The iodine index (Ii) was determined according to the French standard (reference NF T60-203). It corresponds to the mass of iodine (I2) fixed on the unsaturations of the fatty acids of 100 g of a fatty substance and it makes it possible to determine the degree of unsaturation of a vegetable oil. The principle is based on the determination of the excess Wijs reagent transformed into iodine after the addition of potassium iodide and water, by titrating the liberated iodine with a thiosulfate solution (Na₂S₂O₃). Thus, 0.20 g of oil was weighed, to the nearest 0.001 g, in a 500 mL flask to which 15 mL of carbon tetrachloride was added. After dissolution, 25 mL of Wijs's reagent (0.1 N) was added to the same flask, stirred gently and placed for one hour in a dark place at a temperature of around 25 °C. Subsequently, 20 mL of potassium iodide (mass concentration of 100 g.L^-1) and 150 mL of distilled water were added to the solution. In the presence of a few drops of starch paste (0.01 g.L^-1), titration was carried out with sodium thiosulfate solution (0.1 N) until a the color change was observed.

2.6.    Statistical analysis of data

Statistical analyses were performed using STATA version 15.1 software. Means, standard deviations and percentages were calculated for qualitative variables. The Student t-test was used to compare means and the Chi2 test was used to compare percentages. Differences were considered for statistically significant at p ≤ 0.05.

3.  Results and discussion

3.1.  Recovery of Morinda citrifolia L. seeds

The seed recovery yields are presented in Table 1. From this table, it is evident that the average recovery yield was 6.635 ± 0.841%. This rate is similar to that reported by [13], who obtained a yield of 6.77 ± 2.39%. Recently,  [14] reported about 15.1% oil extraction in Malaysian noni seeds with petroleum ether as the extraction medium. The possible explanation for this variation in yields reported in different studies could be due to several parameters, such as cultivar origin, temperature and climate [14].

Table 1.  Extraction yield of Morinda citrifolia seeds.

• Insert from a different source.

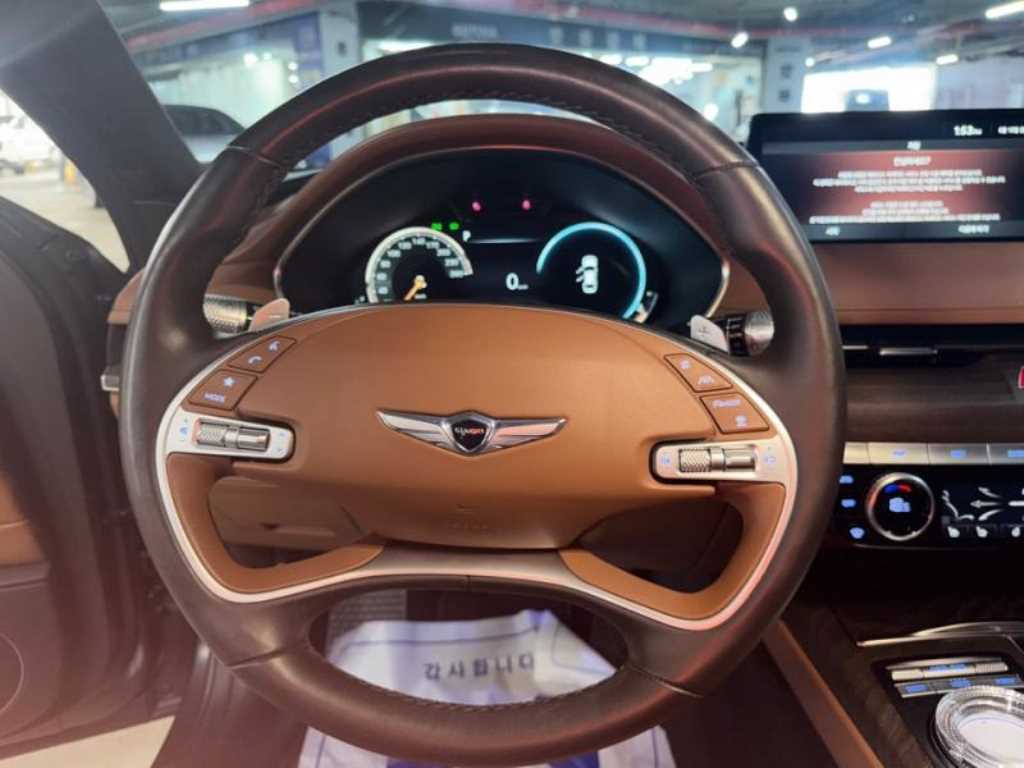 Genesis G80 - Vista 10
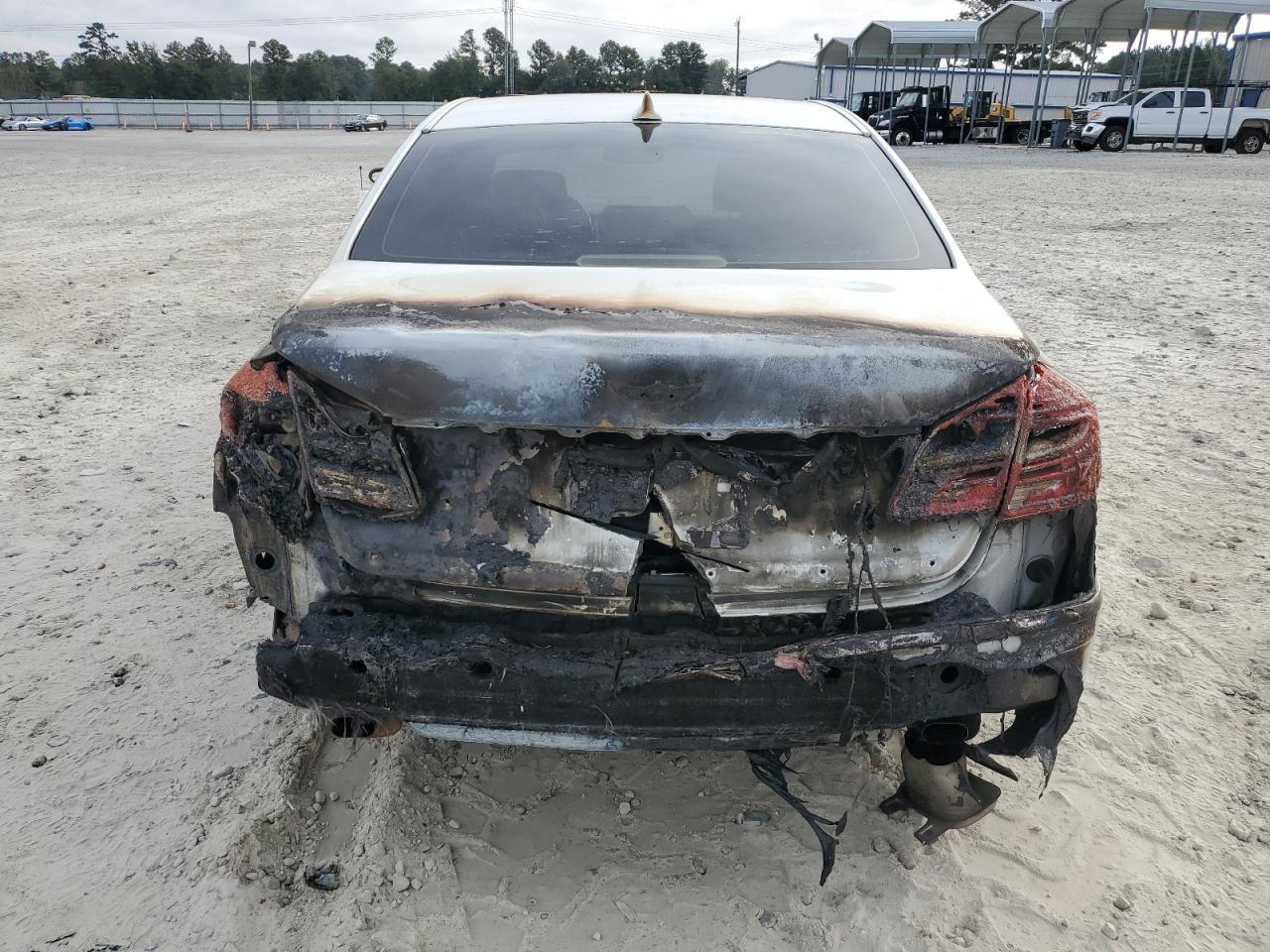 2013 HYUNDAI GENESIS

3.2.    Extraction yield of oil from noni seeds

The extraction yields of the noni seed oils are presented in Fig. 3. The yields obtained by the maceration method and Soxhlet methods were 8.179% and 8.238%, respectively. The results showed that the oil extraction yield by the maceration method is significantly lower than that obtained by the Soxhlet method. Furthermore, the high percentage of oil in noni seed makes it a potential source of industrial oil. The extraction yields in our study are comparable to those of commercially important cottonseed oil (18-20%), goji seed oil (16.4%) and bitter gourd seed oil (20.2%) [14, 15]. Our extraction yield is close to that found by [16],  who obtained 6.4% extraction yield from Nigella sativa  L. seeds (nigella seeds). These variations could be attributed to fruit variety, climatic conditions during the harvest period and soil nature. These differences could be attributed to the extraction methods used. Furthermore, our results are lower than those reported by [14], who obtained a noni seed oil extraction rate of 12.5%. The authors added that oils are generally extracted using screw press, solvent extraction and supercritical carbon dioxide extraction methods. These differences could be attributed to the extraction method, as reported by [14], who indicated that among these methods, solvent extraction is more efficient, but there are safety concerns as organic solvents are toxic [15]. These values ​​are higher than those reported by [17], who found a yield of 8% using hexane as a solvent for extracting oil from noni seeds. On the other hand, our results are significantly lower than those reported by [18], who obtained an extraction yield of Griffonia simplicifolia oil by the Soxhlet method of 28.40 ± 1.20%. The results showed that the extraction yield varied depending on the method and solvent used.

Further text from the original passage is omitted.